L’abbé va donc ramener un grand nombre de plaques de verre où la photo imprimée en double ne va pas être imprimée sur carton, mais va pouvoir être projetée sur un écran avec un effet de relief (procédé de stéréo).
L’abbé Fernique ne va pas garder ses souvenirs pour lui. Dès 1869, il propose au curé de la paroisse de Saint-Séverin où il est alors vicaire, d’organiser des séances récréatives dans un but bien précis : « amuser les jeunes gens en les instruisant, grâce à des conférences avec projections ».
Prélevant sur son traitement, il va trouver la somme nécessaire pour construire «de ses mains» un appareil de projection et fait un essai devant les membres du conseil du patronage, qui est un succès. Des lors, il va organiser des séances dans différentes paroisses qui feront salle comble.
La guerre de 1870 va momentanément interrompre ces spectacles mais ils vont reprendre après le conflit. Un généreux sponsor fait l’acquisition d’un projecteur dernier modèle dont l’abbé pourra bénéficier à sa guise. Entre 1873 et 1877, ce n’est pas moins de soixante-dix conférences qui vont être proposées par l’abbé Fernique, à Paris, en banlieue et même en province (Le Havre, Rouen et Lyon).

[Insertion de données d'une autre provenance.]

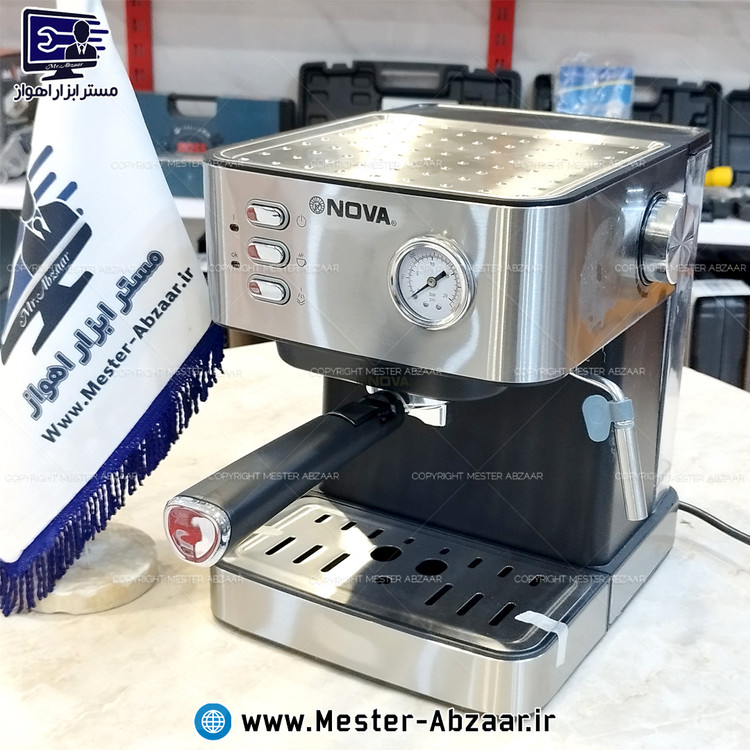 اسپرسو و قهوه ساز 1200 وات نوا 147پمپ 25 بار اسپرسوساز نووا با هواگیری رایگان مدل NOVA NCM-147EXP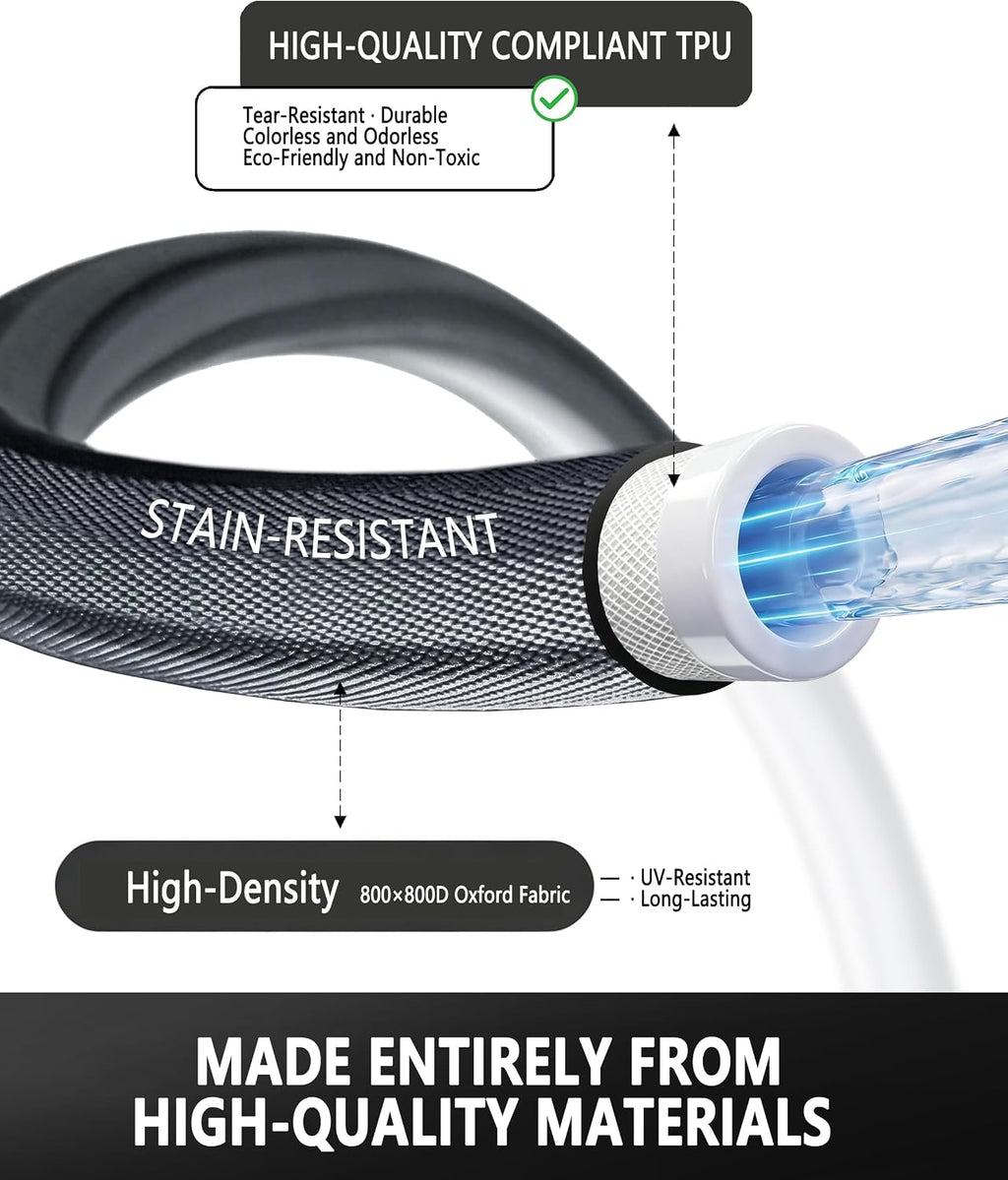 Flexible 100FT Garden Hose, Non-Expanding Lightweight Water Hose | 60% Lighter & Kink-Free, Burst-Resistant Up To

Il fera appel à différents intervenants sur des sujets comme Pompéi, Rome, les Alpes, le Pôle Nord, les planètes du système solaire.. Lui-même se réservera des thèmes comme l’isthme de Suez, Jérusalem, l’Italie, la Suisse, voyage à travers le monde et un « voyage dans le royaume des infiniment petits ou Dieu admirable dans les plus petites de ses œuvres… » .
Invité au congrès de Reims (à l’origine du catholicisme social) , il va y présenter un rapport et, le jour de la clôture, une séance devant les membres participants et il va avoir la satisfaction de voir se créer en province sept œuvres semblables.
Et à Noisy-le-Sec me direz-vous ?
Les paroissiens vont également profiter de ses conférences comme en témoigne cet article paru dans le journal « La Croix» daté du 5 Décembre 1898 (voir ci-dessous).
On peut penser que cette activité qui a contribué à faire connaître la Terre Sainte a pu jouer un rôle dans sa nomination de Chevalier du Saint-Sépulcre.
Mais, c’est plus sûrement sa grande implication dans l’organisation des pèlerinages en Terre Sainte dont il est le secrétaire, qui va lui valoir cette grande distinction.
Les discours qui émaillent l’évolution de son sacerdoce soulignent son inlassable dévouement à cette œuvre. Là encore, Noisy-le-Sec va en bénéficier puisqu’en 1890, dès le début de sa présence dans la ville, les paroissiens peuvent se procurer le tract ci-dessous. L’histoire ne dit pas combien de Noiséens ont tenté l’aventure…
En outre, l’abbé Fernique ne se contente pas d’être un bricoleur de génie. Il s’intéresse aussi aux sciences de la vie comme le prouvent sa conférence sur l’infiniment petit et sa fréquentation du Muséum d’histoire naturelle où figure, en 1889, dans le bilan des activités de l’année, son article à propos de divers points sur la structure des plantes.
Toute sa vie, l’abbé Fernique aura fait sienne cette conviction profonde qu’il avait énoncé : « La science, en général, chez un ecclésiastique, est comme un huitième sacrement pour l’efficacité de son ministère.»